“It is a great folly to neglect the things that are profitable and necessary, and give our minds to that which is curious and hurtful: we have eyes and see not.” Thomas a Kempis
“Then Jesus told his disciples, “If any want to become my followers, let them deny themselves and take up their cross and follow me…For what will it profit them if they gain the whole world but forfeit their life? Or what will they give in return for their life?” Jesus (Matthew 16:24, 26)
Many voices call out to me, trying to gain my attention. My time and energy seem to be in high demand. Even above my time and physical exertion, I find many trying to evoke my emotions, trying to create within me a passion for the good (or not so good).
Often this leads me to mental, physical, and spiritual exhaustion. Instead of having the ability to labor for that which is necessary, I have wasted all that I am on that which is “curious” – that catches my interest – and too often “hurtful.”
In my life I have found God to be faithful in providing the strength that I need to answer the call He has given. He provides all that I need to accomplish what He has placed before me: my employment, my family, ministry, etc. Too often I have taken the strength God has provided and used it for things that are not profitable and necessary. Too often I have tried to “gain the whole world” rather than following Jesus.
And then I find myself exhausted. I no longer have the strength I need to accomplish what God has placed before me.
I find for myself that I am often distracted, not by the “seven deadly sins” but instead by things that are good and important – things God has called others to invest in, and given them a passion to see His kingdom in these areas. Instead of encouraging someone in the work God has given them, I jump in, ready to do the work that I have not been given to do with energy that should be spent somewhere else. It isn’t that the work isn’t important. I’m not saying that it doesn’t matter. Simply, I can’t do it all. No one can. I can do what I’m called to do with the energy God has given me.
Of course, there are times I give myself to the curious and the hurtful. Often, I am vulnerable to that temptation when I have spent my energy and am exhausted.

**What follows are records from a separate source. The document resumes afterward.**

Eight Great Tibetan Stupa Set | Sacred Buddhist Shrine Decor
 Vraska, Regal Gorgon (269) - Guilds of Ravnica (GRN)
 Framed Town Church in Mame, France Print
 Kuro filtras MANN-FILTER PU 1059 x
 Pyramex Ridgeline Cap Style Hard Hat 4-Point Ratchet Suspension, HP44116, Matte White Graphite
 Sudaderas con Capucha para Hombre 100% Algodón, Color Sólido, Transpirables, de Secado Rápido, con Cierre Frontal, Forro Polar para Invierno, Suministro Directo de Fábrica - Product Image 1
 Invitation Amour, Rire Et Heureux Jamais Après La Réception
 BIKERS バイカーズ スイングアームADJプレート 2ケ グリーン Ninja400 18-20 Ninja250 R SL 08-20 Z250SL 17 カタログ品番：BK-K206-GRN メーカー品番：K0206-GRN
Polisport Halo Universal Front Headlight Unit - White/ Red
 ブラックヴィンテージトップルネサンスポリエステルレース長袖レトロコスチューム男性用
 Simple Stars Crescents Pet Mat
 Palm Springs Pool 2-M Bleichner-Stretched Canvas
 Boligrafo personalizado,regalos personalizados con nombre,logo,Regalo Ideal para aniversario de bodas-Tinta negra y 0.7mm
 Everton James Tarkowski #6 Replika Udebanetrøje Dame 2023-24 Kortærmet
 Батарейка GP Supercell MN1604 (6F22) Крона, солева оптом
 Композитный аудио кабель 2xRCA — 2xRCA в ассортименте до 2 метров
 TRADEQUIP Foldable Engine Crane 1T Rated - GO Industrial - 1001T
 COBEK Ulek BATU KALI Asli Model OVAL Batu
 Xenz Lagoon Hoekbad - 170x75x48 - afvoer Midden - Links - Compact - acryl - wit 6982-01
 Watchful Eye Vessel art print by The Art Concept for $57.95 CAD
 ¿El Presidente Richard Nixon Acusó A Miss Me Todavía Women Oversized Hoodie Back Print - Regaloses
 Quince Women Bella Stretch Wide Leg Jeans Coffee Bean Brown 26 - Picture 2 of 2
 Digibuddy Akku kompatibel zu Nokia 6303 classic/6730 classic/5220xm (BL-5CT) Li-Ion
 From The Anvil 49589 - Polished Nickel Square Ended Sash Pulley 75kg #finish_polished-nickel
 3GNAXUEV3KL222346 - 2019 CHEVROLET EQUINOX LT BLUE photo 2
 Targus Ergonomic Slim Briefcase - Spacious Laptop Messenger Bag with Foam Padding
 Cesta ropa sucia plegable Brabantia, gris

Lord, may I remember that You have called me to follow You. You have given me strength for the work You set before me. Help me to see the difference between supporting someone in the call You have given them and jumping in where I am not called to be. May I use wisely the strength that You give. May I turn from either seeking to gain the whole world, or from trying to numb my exhaustion with that which is curious and hurtful.